Несколько позже сходную акцию, но с совершенно иными побудительными причинами, провели и в Чехословакии. Там 20 февраля 1948 г. двенадцать министров в знак несогласия с политикой, проводимой премьером, коммунистом Клементом Готвальдом, подали в отставку. В соответствии с конституцией в таком случае должна была последовать отставка и всего кабинета. Однако пять дней спустя оставшиеся члены правительства — коммунисты просто заполнили образовавшиеся вакансии своими сторонниками. 9 мая они организовали принятие новой конституции, а в июне Готвальд сменил Эдуарда Бенеша на высоком посту президента.
Экономические проблемы, остававшиеся так и не решенными вследствие отказа от плана Маршалла, всем восточноевропейским странам пришлось начать решать за счет прямой советской помощи. СССР были заключены двухсторонние договоры: торговый — 11 декабря 1947 г. с Чехословакией, о дружбе, сотрудничестве и взаимной помощи — 4 февраля 1948 г. с Румынией, 18 февраля с Венгрией, 18 марта с Болгарией, 6 апреля с Финляндией. Польша и Югославия аналогичные, почти однотипные соглашения подписали гораздо раньше, еще в 1945 году.
…Столь же кардинально узкому руководству пришлось изменить и всю внешнюю политику: утвердившись окончательно в Восточной Европе, отказаться от старых планов в отношении других регионов, прилегающих к советской границе; прекратить требовать от Турции пересмотра режима мореплавания в Черноморских проливах; ввязаться заведомо безрезультатно в гражданскую войну в Греции, не только открыто, в ООН, защищать коммунистов-партизан, но и начать нелегально, через Югославию, снабжать оружием армию образованного 24 декабря 1947 г. повстанческого временного народно-демократического правительства Свободной Греции.
Пришлось узкому руководству смириться и с провалом всех своих акций в Иране: бездействовать, когда 10 декабря 1946 г. правительственные войска начали наступление против автономных Южного Азербайджана и Северного Курдистана; молча снести весной 1947 г. казни лидеров организованных Москвой движений и лишь подчеркнуто нейтрально сообщить о переходе на территорию СССР остатков сил курдских автономистов во главе с шейхом Мустафой Барзани. Практически никак Кремль не отреагировал на предоставление США летом 1947 г. кредита Тегерану в размере 25 млн. долларов на перевооружение армии, а 22 октября — на отказ меджлиса Ирана ратифицировать заключенный за полтора года до этого договор с СССР о разведке и добыче нефти.
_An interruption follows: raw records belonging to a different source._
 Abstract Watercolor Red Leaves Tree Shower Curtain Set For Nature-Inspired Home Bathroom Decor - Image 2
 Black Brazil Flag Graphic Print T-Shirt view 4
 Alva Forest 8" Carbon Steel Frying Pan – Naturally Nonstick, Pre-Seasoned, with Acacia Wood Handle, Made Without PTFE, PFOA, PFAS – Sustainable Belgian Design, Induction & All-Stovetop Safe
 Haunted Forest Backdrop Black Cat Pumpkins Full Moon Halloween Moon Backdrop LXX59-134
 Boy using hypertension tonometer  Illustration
И все же национальные интересы Советского Союза требовали незамедлительных ответных действий, вынуждали использовать какие угодно средства ради одного — обеспечения безопасности страны прежде всего на самом опасном, южном фланге. Необходимо было добиваться теперь уже не превращения Турции и Ирана в союзников или хотя бы просто дружественные страны, а нейтрализации их, вывода из-под прямого влияния США и Великобритании. А потому Кремль решил отвлечь внимание Вашингтона и Лондона, заставить их глубоко увязнуть в каком-либо региональном конфликте, в причастности к которому трудно было бы заподозрить СССР. Для этой цели лучше всего подходил Ближний Восток — одна из самых чувствительных точек мировой экономики. Вот уже четверть века он являлся ареной ожесточеннейшего соперничества за контроль над нефтяными полями Ирака, южного побережья Персидского залива, Саудовской Аравии. Здесь, как небезосновательно полагало узкое руководство, противоречия интересов США и Великобритании должны были оказаться сильнее их «атлантической» солидарности. К тому же именно на Ближнем Востоке давно назревал и столь нужный конфликт — в Палестине, британской подмандатной территории.
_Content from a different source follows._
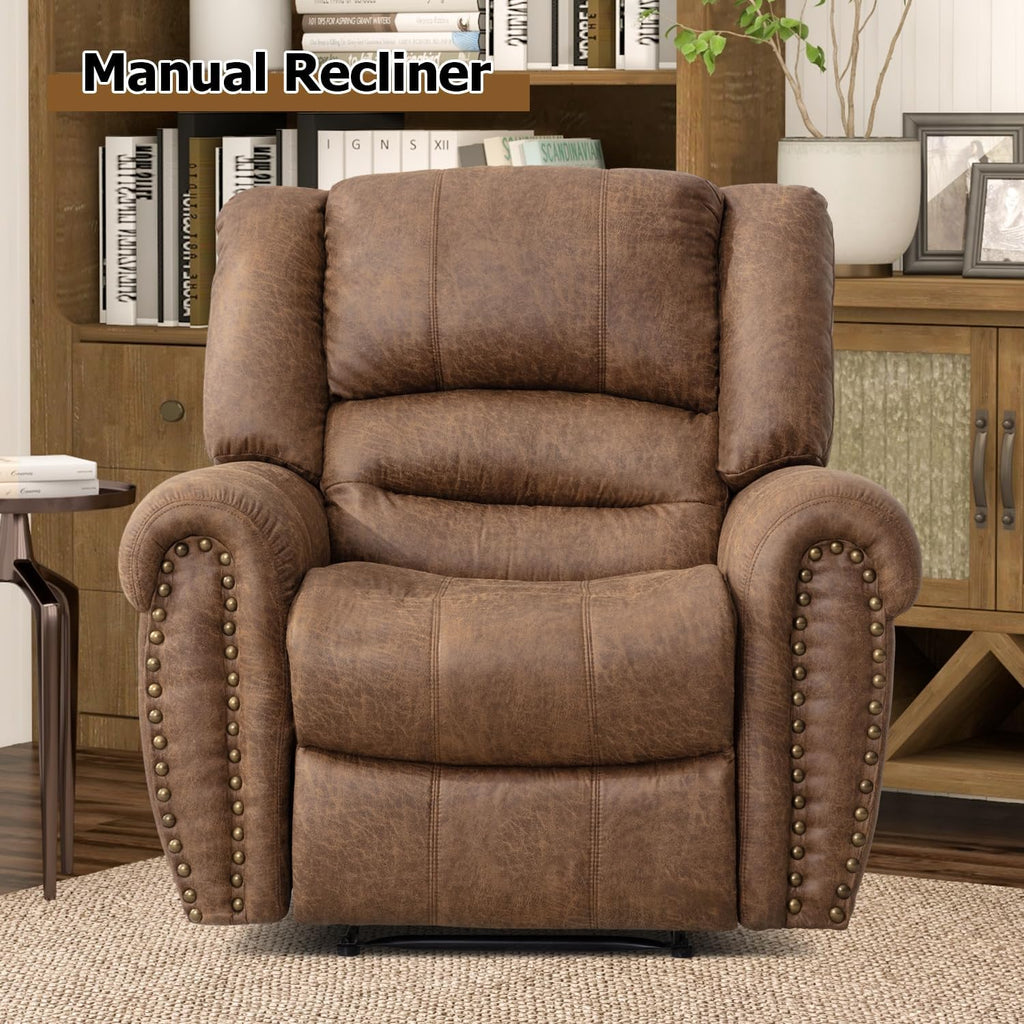 CANMOV Leather Recliner Chair, Classic and Traditional Manual Recliner Chair with Comfortable Arms and Back Single Sofa for Living Room, Nut Brown
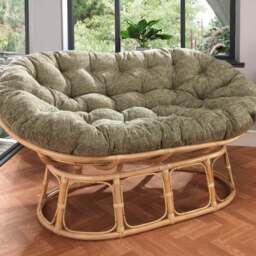 Desser Furniture Papasan 2 Seater Jubilee Sage and Natural Sofa - Brown - Wilko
Проблема создания еврейского очага на библейской земле Израиля, отошедшая с началом Второй мировой войны на дальний план, после разгрома Германии вновь стала актуальной, ведь с отъездом на «историческую родину» связывали свои судьбы сотни тысяч евреев, оказавшихся в лагерях перемещенных лиц в американской и британской зонах оккупации. Между тем Великобритания, вынужденная считаться прежде всего с мнением арабских стран — своих союзников, и особенно Ирака и Саудовской Аравии, ограничила въезд евреев в Палестину, установила для них жесткую квоту — не больше 18 тысяч человек в год. В то же время еврейские организации США настойчиво требовали от Трумэна воздействовать на британского премьера Эттли, добиться от того разрешить немедленный въезд на землю обетованную сразу 100 тысячам евреев.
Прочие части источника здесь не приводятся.